Hacia 1945, dos insignes argentinos enamorados de la literatura policíaca británica fundaron la colección Selecciones del Séptimo Círculo. Adolfo Bioy Casares y Jorge Luis Borges, al frente del proyecto, eran dos grandes capaces de sostener sin despeinarse a Kafka con una mano y con la otra, una entretenida trama de suspense, donde el asesinato se plantea como un enigma, un acertijo a resolver. Borges lo explicaba así: “estas ficciones policiales requieren una construcción severa. Todo en ellas debe profetizar el desenlace; pero esas múltiples y continuas profecías tienen que ser, como las de los antiguos oráculos, secretas; sólo deben comprenderse a la luz de la revelación final”.

En la colección del Séptimo Círculo, bautizada así porque en esa zona del infierno situó Dante a los violentos en su ‘Comedia’, se dieron cita autores como Nicholas Blake (seudónimo bajo el que se escondía Cecil Day-Lewis, poeta laureado y padre del actor Daniel Day-Lewis), John Dickson Carr, Michael Innes, Eden Phillpotts o John Franklin Bardin, nombres poco conocidos para el lector de novela negra actual, que esconden horas de placentera e inteligente lectura. Uno de ellos es Richard Hull y merece la pena detenerse en él. Fue número 10 de la colección con ‘Mi propio asesino’, que ahora sirve Alba en cuidada traducción de Leonor Saro.
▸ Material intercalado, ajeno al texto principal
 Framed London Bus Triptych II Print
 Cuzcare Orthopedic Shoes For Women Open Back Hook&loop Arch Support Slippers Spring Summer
Fue autor de mucho éxito en los años anteriores a la Segunda Guerra Mundial y acabó siendo asistente de Agatha Christie cuando esta presidió el Detection Club, en los tiempos menos creativos de esta asociación que había velado años por la pureza de las reglas de la novela-enigma, especialmente, la prohibición del viejo truco que invita a sacarse de la manga al final pruebas a las que el lector no ha tenido acceso.

‘Mi propio asesino’ fue publicada en 1940 y muestra justamente cómo esas reglas de pureza se habían roto saludablemente. Para empezar, es lo que se llama un enigma a la inversa, es decir aquel que no te revela al asesino al final sino que acompaña a los actos delictivos mientras contemplamos cómo se las ingenia para eludir una y otra vez la justicia. Vamos, que el Ripley de Patricia Highsmith no está muy lejos.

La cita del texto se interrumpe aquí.